Your goal: Return exactly the lines of the entries that start at the line containing "coin spark hold" and continue to the last line. Omit the pictures.

Dataset excerpts:
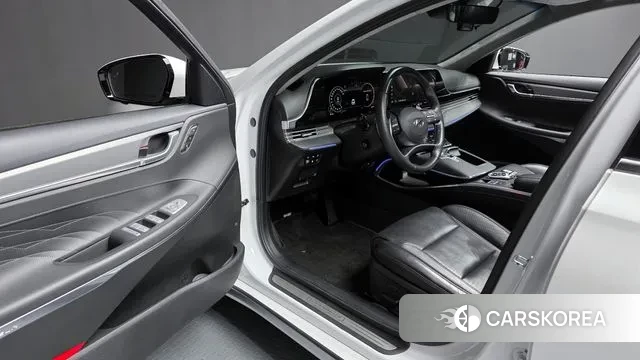 Hyundai The New Grandeur IG id 3439084 из Кореи 20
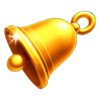 coin spark hold and hit 3x3 golden bell symbol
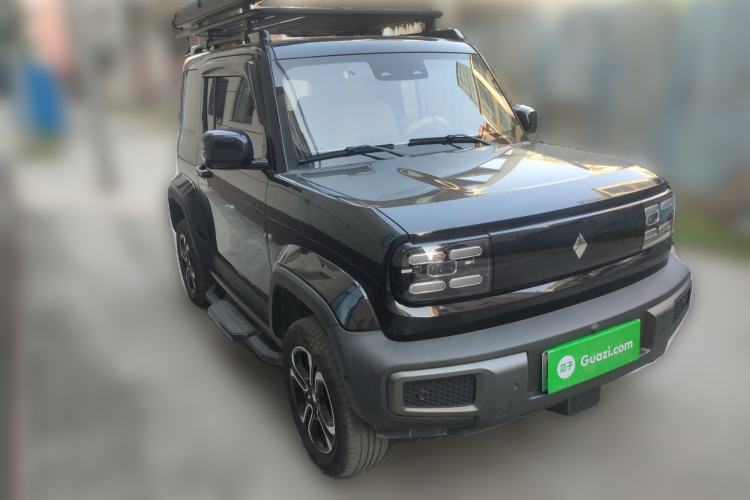 Used Baojun Spark 2023 Intelligent Premium Edition
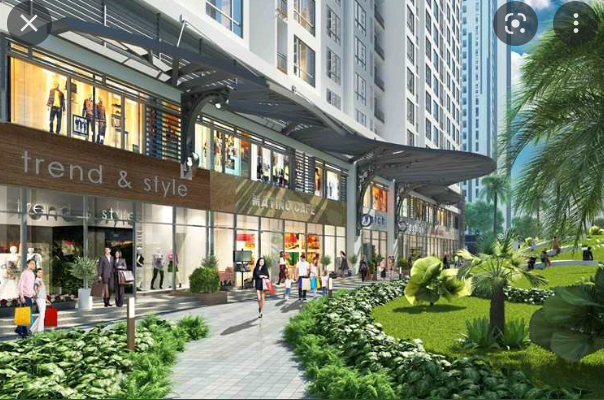 BAN CHUNG CU VINHOMES GIANG VO 3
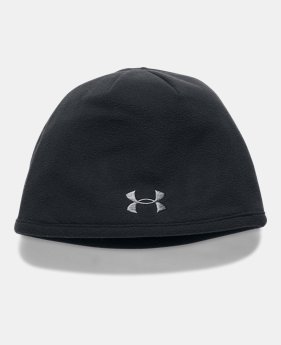 Men's ColdGear® Infrared Fleece Beanie 2 Colors $27.99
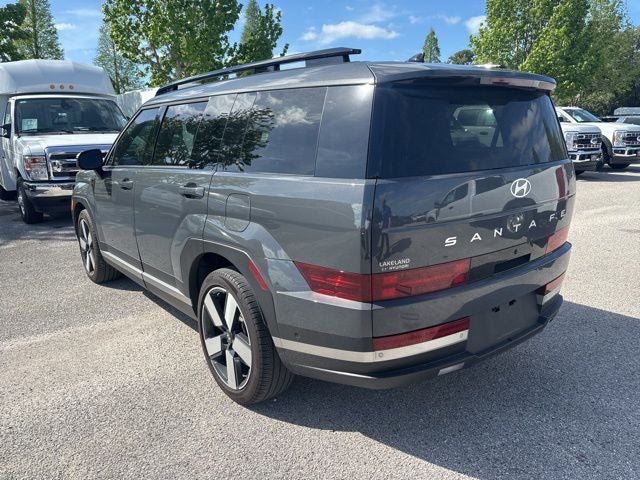 2025 Hyundai Santa Fe Limited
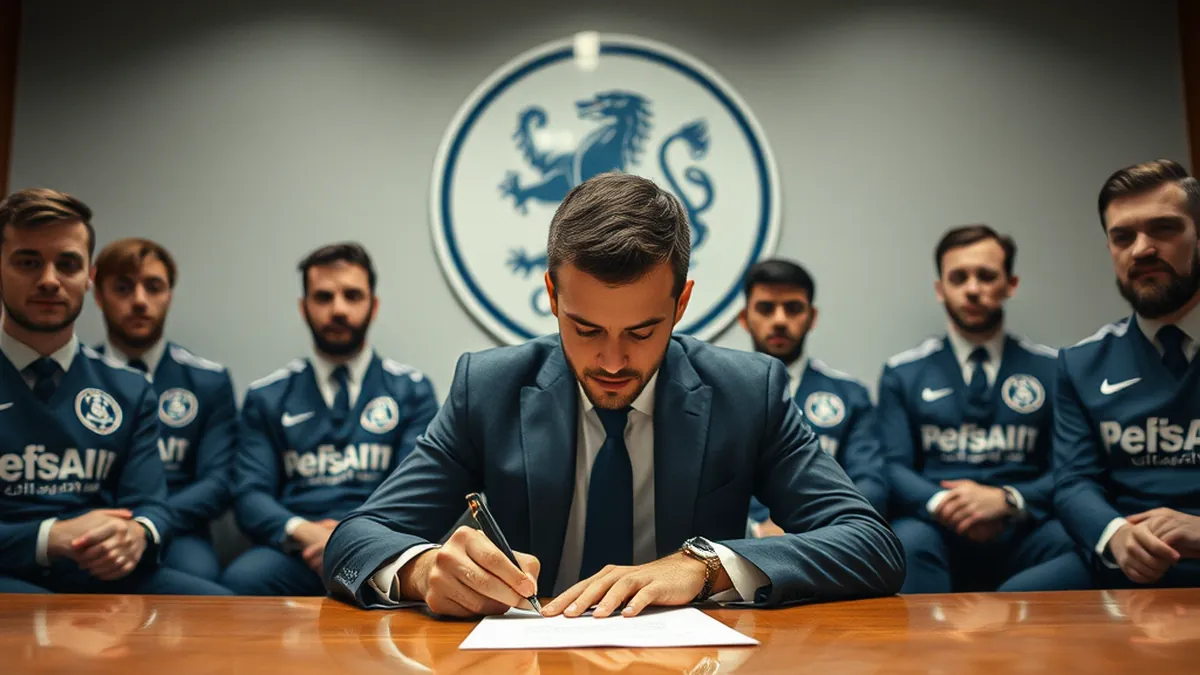 Paris FC : les clubs anglais suivent de près la situation d'Ilan Kebbal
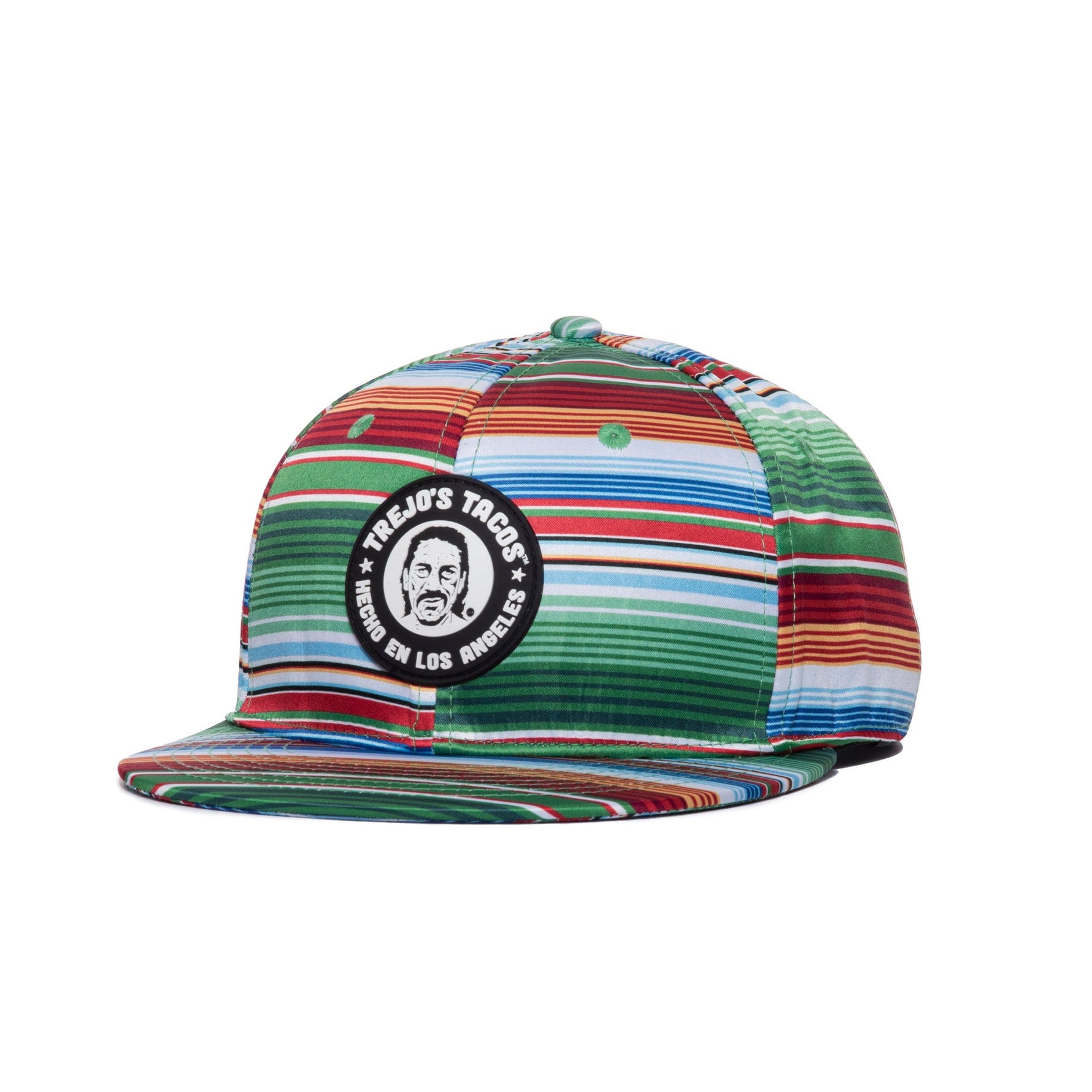Parallel Lines Hat - Knife Shift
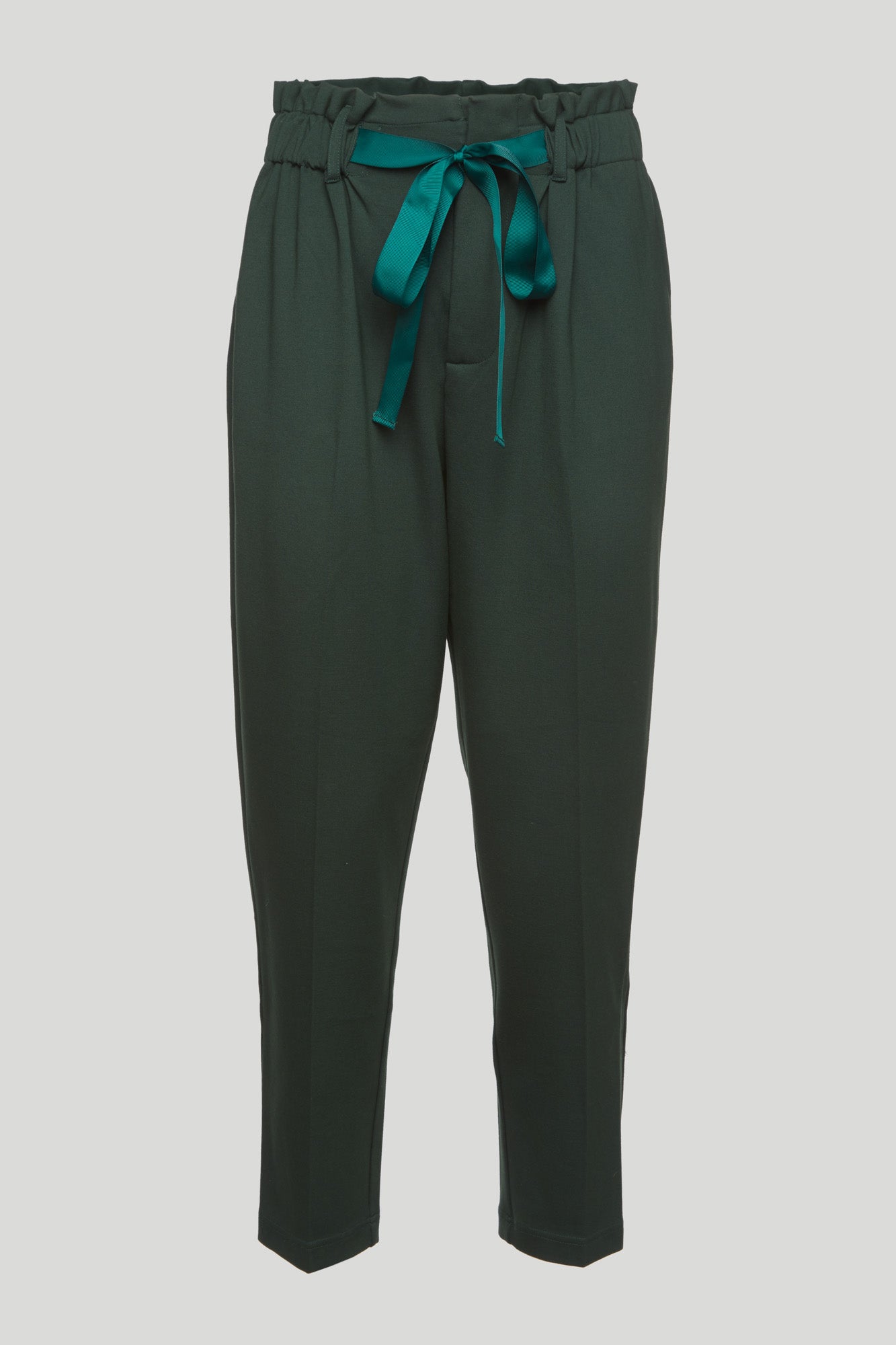 PRINCESSE LODO Pants Baggy Verde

Output below:
 coin spark hold and hit 3x3 golden bell symbol
 Used Baojun Spark 2023 Intelligent Premium Edition
 BAN CHUNG CU VINHOMES GIANG VO 3
 Men's ColdGear® Infrared Fleece Beanie 2 Colors $27.99
 2025 Hyundai Santa Fe Limited
 Paris FC : les clubs anglais suivent de près la situation d'Ilan Kebbal
Parallel Lines Hat - Knife Shift
 PRINCESSE LODO Pants Baggy Verde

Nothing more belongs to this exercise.